POLI 572B

Michael Weaver

April 10, 2026

Outline

Natural Experiments

Motivation/Definition
Challenges
IV
RDD
Qualitative Evidence
Balance Tests
Papers

Natural Experiments

What do we mean by natural experiment?

An observational study where causal inference comes from the design that draws on randomization of treatment.

no manipulation of treatment by researcher
random or “as-if” random assignment takes place in the “real world”

experiment: because it has randomization

natural: because it occurs without researcher intervention in real-world

Why?

solution to confounding
no complex estimands (hopefully!), simple and transparent statistical models

fewer worries about common support, interpolation/extrapolation

Compare and contrast

Piccardi et al use simple \(t\) tests (in a regression context) to compare differences in means

“The power of multiple regression analysis is that it allows us to do in non-experimental environments what natural scientists are able to do in a controlled laboratory setting: keep other factors fixed” (Wooldridge 2009: 77)

Design vs. Model-based inferences

A matter of degree

Statistical evidence for causality combines observed data and a mathematical model of the world.

mathematical model makes inferences about reality
model always involves assumptions about how observed data are generated
can almost always apply the model, even if it is wrong

Design vs. Model-based inferences

Causal evidence varies in terms of complexity of math/restrictiveness of assumptions: a matter of degree

Model-based inferences about causality involve many choices in complex statistical models with many difficult-to-assess assumptions
Design-based inferences about causality use carefully controlled comparisons with simple models and transparent assumptions

Challenges

Finding Natural Experiments

where is there actually randomness? is it known random process (lottery) or “as-if” random?
relevance of intervention; relevance of randomly assigned group
random vs as-if random: known random process (lottery), something that is “as-if” random… (in what way)

Challenges

Arguing for Randomness

How do we know this is random?

qualitative evidence: how was treatment assigned? If a lottery, what was the process?
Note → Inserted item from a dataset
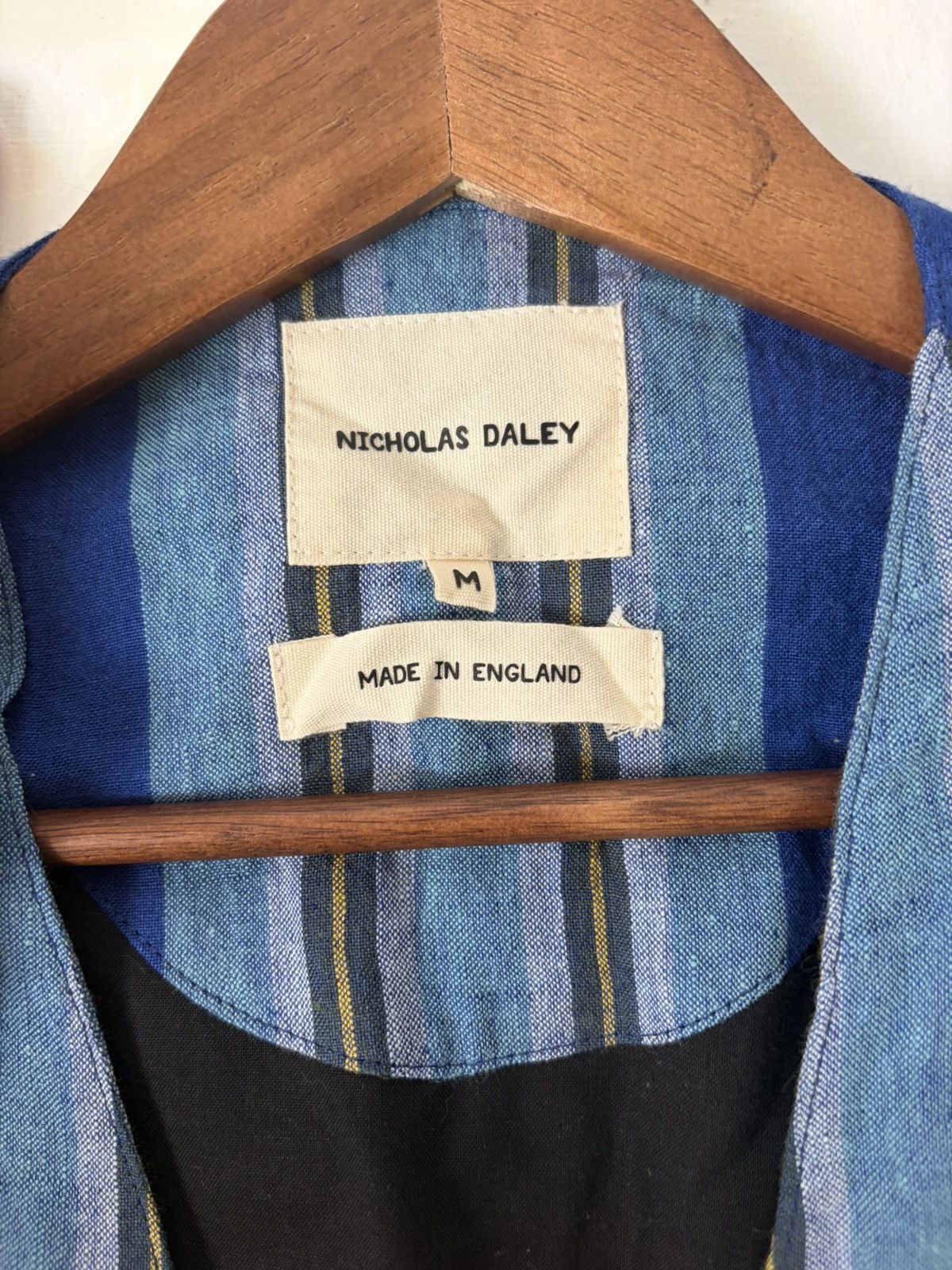 Nicholas Daley Nicholas Daley - Striped Linen Vest Size US M / EU 48-50 / 2 - 2 Thumbnail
Were the rules followed? If “as-if” random, how did treatment occur?
balance tests: if treatment is random, should be independent of pre-treatment attributes

Challenges

How simple is the design?

In some cases, very simple random process \(\to\) simple statistical model (like experiments)
sometimes, we claim randomness, conditional on other factors. \(\to\) complicated models, harder to understand

Varieties:

“Standard natural experiments”: treatment \(D\) is randomized for some units
Instrumental Variables: some instrument \(Z\) is randomized and affects treatment \(D\)
Regression Discontinuity: treatment assignment of \(D\) takes place at cutoff \(c\), random close to \(c\)

Instrumental Variables

What is it? Extends logic of \(CACE\) to

continuous treatments \(D\)
continuous “assignment-to-treatment” \(Z\)
possibility of including controls (\(Z\) is random, conditional on \(X\)

How?

2SLS, IVLS (generalizations of least squares)
“first stage” is effect of \(Z\) on \(D\)
“second stage” is effect of \(\widehat{D}\) on \(Y\)
“reduced form” is effect of \(Z\) on \(Y\)

Instrumental Variables

Assumptions:

instrument \(Z\) is independent of potential outcomes of \(Y\)
\(Z\) only affects \(Y\) through \(D\) (exclusion restriction)
monotonicity: \(Z\) can only increase (decrease) \(D\) (equivalent to no defiers)
\(Z\) must actually affect \(D\) (there must be SOME compliers)

Instrumental Variables

Issues:

What is a “complier” when we have continuous \(Z\) and \(D\)? (orthogonal projection of \(D\) onto \(Z\)) (\(\widehat{D}\) from regressing \(D\) on \(Z\))
Least Squares problems still apply:
- assume linearity \(\to\) interpolation/extrapolation issues
- which values of \(D\) are contributing to estimated effect?

IV Issues

Recent work by Lal et al (2024) finds two major issues:

Weak Instruments a problem:

“first stage” (effect of \(Z\) on \(D\), assignment on taking treatment) is weak
CACE remains biased in larger samples (longer for consistency to kick in)
large standard errors
normal approximation of sampling distribution is wrong

IV Issues

Weak Instruments a problem: What to do?

rule of thumb: \(F\) statistic for \(Z\) on \(D\) should be \(> 10\).

Lal et al show we must:

Correctly test for strength of \(Z \to D\) (Effective F)
Use significance tests that adjust \(t\) statistics: bootstrap or \(tF\) procedure
Use weak-instrument procedures (AR test)

all in ivDiag package.

IV Issues

Exclusion Restriction Violations

If exclusion restriction is violated, weak instruments \(\to\) amplified bias

Zero First Stage: test effect of \(Z\) on \(Y\) for “never takers”/“always takers” (cases that don’t change \(D\) because of \(Z\)). Should find no effect.

RDD

Regression Discontinuity

Classic example:

What is the effect of electing a criminal vs. non-criminal politician on provision of government handouts?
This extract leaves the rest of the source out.